A teacher collects dictionaries from students at Zhaodengyu primary school Tuesday. Photo: Courtesy of Zhang Zheng
By Yan Shuang
Primary and middle school students turned dictionaries into bestsellers in Fengtai last weekend, after district education authorities asked them to donate the reference books to children in China's poverty-stricken regions.
"We've sold around 200 Xinhua dictionaries every day over the past few days, whereas usually we can't sell even one per day," said the manager of a bookstore near several Fengtai district schools on Dongdajie.
"The school texted me last Tuesday and asked me to purchase the latest edition of the Xinhua dictionary for donation. The campaign was voluntary, but most of the kids at school participated," Zhang Zheng, the mother of a 7-year-old boy who attends Fengtai's Zhaodengyu primary school, told the Global Times Tuesday.

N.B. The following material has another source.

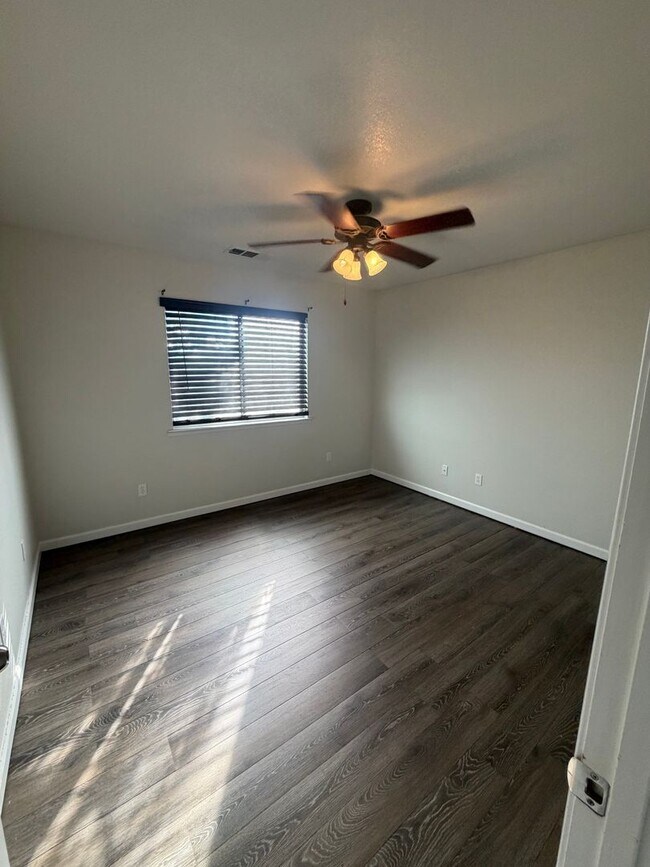 Building Photo - Charming 3 bedroom 2 bathroom home located in Lemoore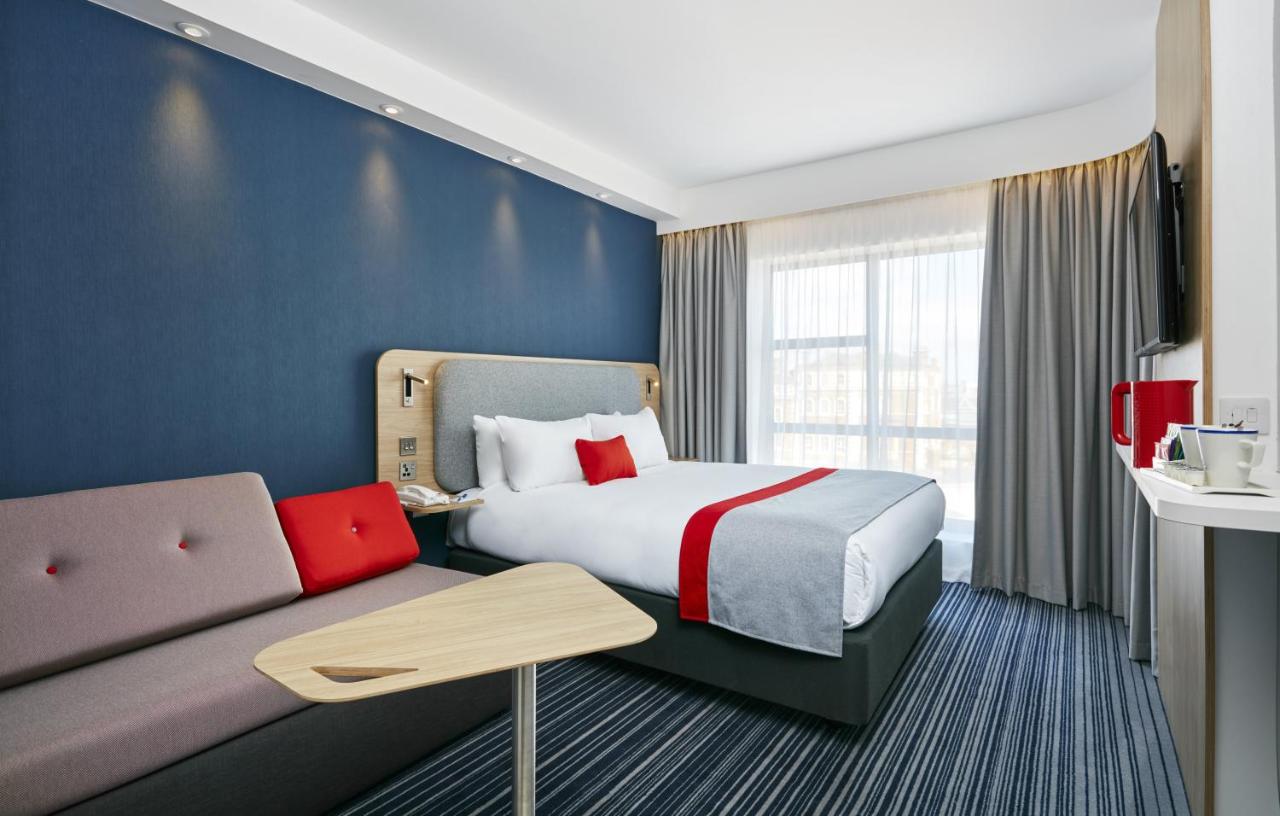 Holiday Inn Express GRIMSBY - Laterooms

Some parents complained that schools only asked for dictionaries and that some refused to accept older copies, according to a Legal Mirror report Monday.
"It would be better if we donated money so the school could purchase them all together," a parent told the paper.
Yet the commission could not be sure all the money would get to the needy children without any getting "lost" along the way, explained a commission media department employee surnamed Yuan.
The donation was part of a national campaign initiated by departments that included the General Administration of Press and Publications, said Yuan. Book donations will be delivered to children in poor areas of the Guangxi Zhuang Autonomous Region, the Tibet Autonomous Region and Chongqing Municipality.
"We only accept those that are at least 80 percent new, since the new editions have modifications," he said.
Dictionaries were recommended but other books besides textbooks are now also accepted, according to Yuan.